Gli occhi dell’eterno fratello è un apologo morale  presentato sotto la forma di una leggenda indiana. Il tema è la giustizia e la sua difficoltà, se non impossibilità, di trovare applicazione.
Prima ancora che Buddha il Sublime dimorasse sulla terra, il nobile Virata era un guerriero al servizio del suo re. Durante una rivolta, guida l’esercito contro i ribelli. Una notte penetra nel loro accampamento e nel buio di una tenda uccide i capi dei rivoltosi. Tra di essi vi era il fratello del re, ma anche il fratello di Virata.
Il respiro di Virata si fece cortissimo: come un cadavere vivente egli sedeva lì in mezzo ai morti e distoglieva lo sguardo, affinché gli occhi immoti del fratello, da sua madre messo al mondo prima di lui, non lo accusassero del delitto.
Per premiarlo della sua fedeltà e del successo contro i rivoltosi, il re vorrebbe confermare Virata a capo del suo esercito ma questi si oppone e abbandona le armi: Ho ucciso mio fratello affinché potessi comprendere che chiunque uccida un uomo uccide suo fratello.

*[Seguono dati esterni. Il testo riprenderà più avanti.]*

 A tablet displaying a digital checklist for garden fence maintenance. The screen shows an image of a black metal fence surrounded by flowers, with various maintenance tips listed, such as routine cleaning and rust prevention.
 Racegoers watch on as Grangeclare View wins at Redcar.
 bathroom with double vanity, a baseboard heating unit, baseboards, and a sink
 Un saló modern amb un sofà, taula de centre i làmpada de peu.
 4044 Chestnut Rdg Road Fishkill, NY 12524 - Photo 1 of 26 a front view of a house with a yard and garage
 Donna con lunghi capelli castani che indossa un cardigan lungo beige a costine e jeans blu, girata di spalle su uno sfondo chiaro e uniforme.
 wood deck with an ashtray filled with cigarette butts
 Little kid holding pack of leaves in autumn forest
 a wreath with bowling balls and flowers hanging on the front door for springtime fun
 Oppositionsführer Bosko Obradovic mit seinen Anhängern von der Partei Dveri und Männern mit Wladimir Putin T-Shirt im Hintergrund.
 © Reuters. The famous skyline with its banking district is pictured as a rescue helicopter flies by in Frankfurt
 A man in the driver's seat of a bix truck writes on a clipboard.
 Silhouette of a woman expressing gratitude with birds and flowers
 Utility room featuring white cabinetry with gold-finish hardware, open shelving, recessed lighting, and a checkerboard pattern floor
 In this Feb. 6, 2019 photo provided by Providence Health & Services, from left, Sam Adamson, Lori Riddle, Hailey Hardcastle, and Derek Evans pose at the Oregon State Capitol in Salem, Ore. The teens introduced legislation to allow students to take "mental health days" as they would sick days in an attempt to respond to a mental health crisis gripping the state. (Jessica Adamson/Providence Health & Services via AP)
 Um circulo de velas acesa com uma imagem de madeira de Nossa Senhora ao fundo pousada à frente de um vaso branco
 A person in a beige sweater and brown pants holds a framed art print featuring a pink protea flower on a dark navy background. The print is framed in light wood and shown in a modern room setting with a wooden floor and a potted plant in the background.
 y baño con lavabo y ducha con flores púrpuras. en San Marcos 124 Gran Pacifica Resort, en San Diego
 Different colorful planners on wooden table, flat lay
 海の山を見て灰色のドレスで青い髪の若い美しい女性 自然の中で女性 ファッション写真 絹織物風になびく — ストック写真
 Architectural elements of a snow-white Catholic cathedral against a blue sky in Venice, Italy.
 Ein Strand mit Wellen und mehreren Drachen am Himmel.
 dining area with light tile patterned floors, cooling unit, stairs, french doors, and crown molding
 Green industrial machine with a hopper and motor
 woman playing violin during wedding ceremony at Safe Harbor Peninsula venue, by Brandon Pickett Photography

Il re si deve privare dei suoi servigi in guerra e allora lo nomina primo fra i suoi giudici. Per anni Virata amministra la giustizia con passione e tanto buon senso. È amato da tutti e rispettato anche dai condannati. Ha orrore del sangue, non condanna mai a morte, neppure per i reati più gravi e ha un principio da seguire sempre: fra l’interrogatorio e la condanna lasciava sempre passare il fresco intervallo di una notte: nelle lunghe ore antelucane i suoi lo sentivano camminare inquieto sull’altana, mentre rifletteva sul giusto e sull’ingiusto.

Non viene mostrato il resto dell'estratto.